═════ Data extracts
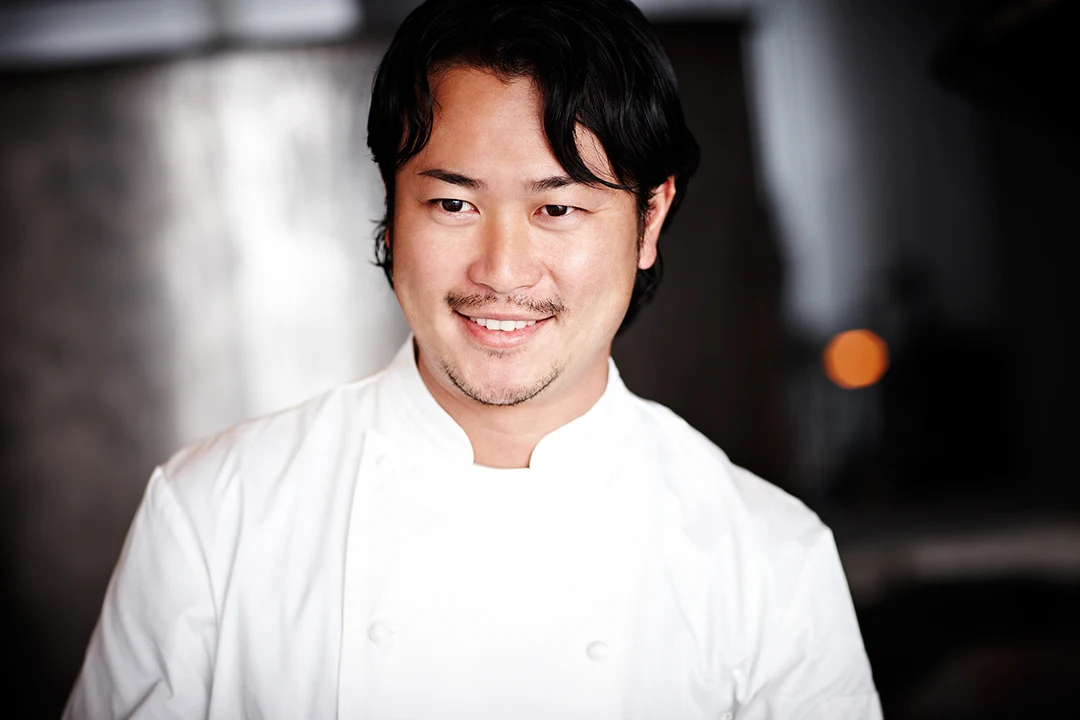 A man wearing a white chef's coat smiling at the camera in an indoor setting with blurred background.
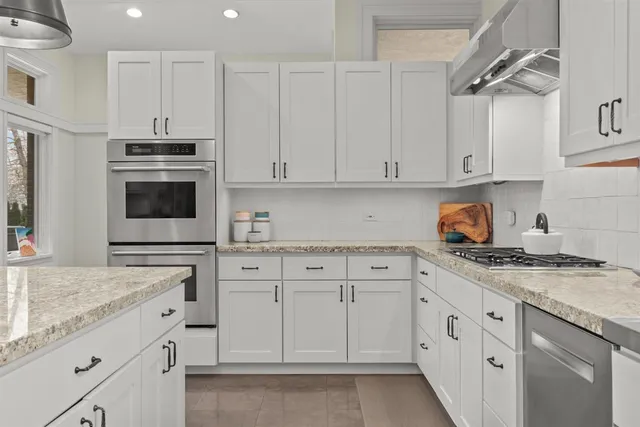 a kitchen with granite countertop a sink a center island a counter space and a view of living room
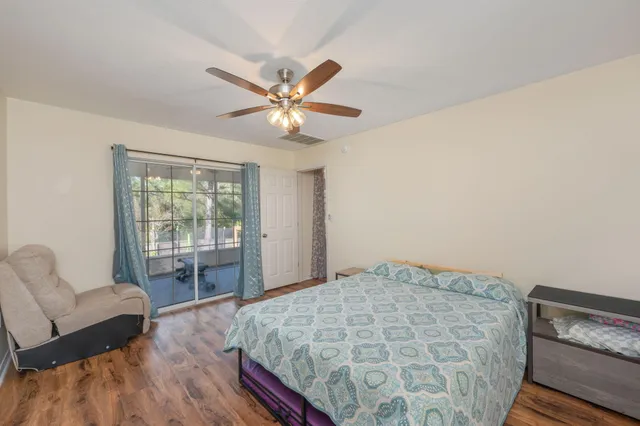 a bedroom with a bed and a couch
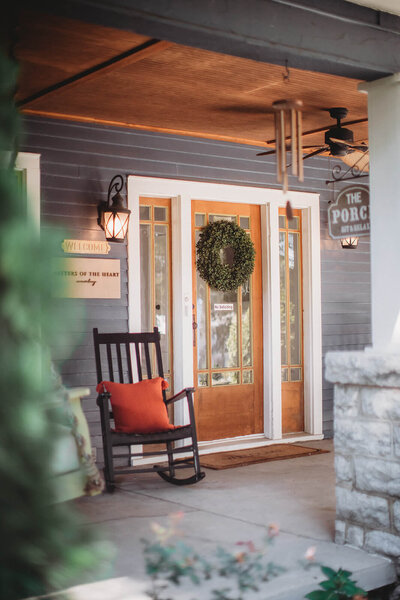 Welcoming entrance to 'The Porch' counseling center featuring a wooden door with glass panels flanked by sidelights, adorned with a fresh green wreath. A black rocking chair with a bright orange cushion sits on the covered porch. Gray horizontal siding, wall-mounted lantern sconces, and a wooden beam ceiling create a warm, inviting atmosphere. A 'Welcome' sign and wind chimes complete the cozy, peaceful setting.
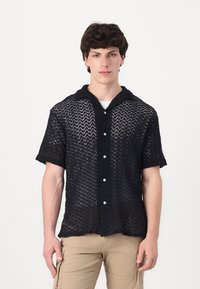 Camisa negra de punto abierto, de manga corta y con cuello, que presenta un cierre frontal con botones y un patrón texturizado en zigzag en toda la prenda.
══════════
■ What to do:
In the entries above, find the line containing "a kitchen with". Transcribe it and every later line to the end, exactly, and leave out the pictures.

■ Exercise solution:
 a kitchen with granite countertop a sink a center island a counter space and a view of living room
 a bedroom with a bed and a couch
 Welcoming entrance to 'The Porch' counseling center featuring a wooden door with glass panels flanked by sidelights, adorned with a fresh green wreath. A black rocking chair with a bright orange cushion sits on the covered porch. Gray horizontal siding, wall-mounted lantern sconces, and a wooden beam ceiling create a warm, inviting atmosphere. A 'Welcome' sign and wind chimes complete the cozy, peaceful setting.
 Camisa negra de punto abierto, de manga corta y con cuello, que presenta un cierre frontal con botones y un patrón texturizado en zigzag en toda la prenda.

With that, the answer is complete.